Everything in the listing below should be repeated exactly, apart from the pictures.

**Source material**
::::
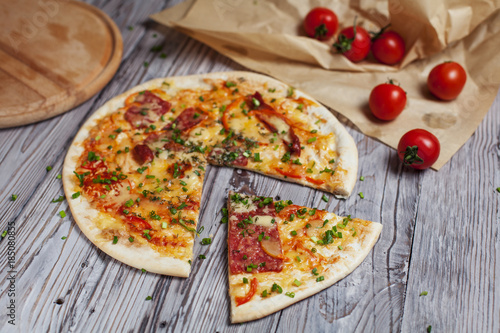 Pizza with a thin crust with cheese, bacon, pepper and herbs on a light wooden background photo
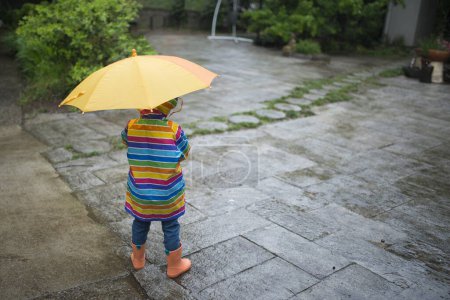 Photo for Girl wearing a raincoat with umbrella - Royalty Free Image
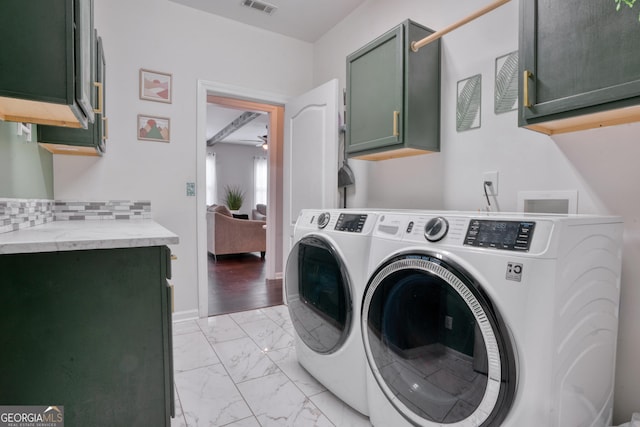 clothes washing area featuring light hardwood / wood-style floors, cabinets, and independent washer and dryer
::::
**Task solution**
 Pizza with a thin crust with cheese, bacon, pepper and herbs on a light wooden background photo
 Photo for Girl wearing a raincoat with umbrella - Royalty Free Image
 clothes washing area featuring light hardwood / wood-style floors, cabinets, and independent washer and dryer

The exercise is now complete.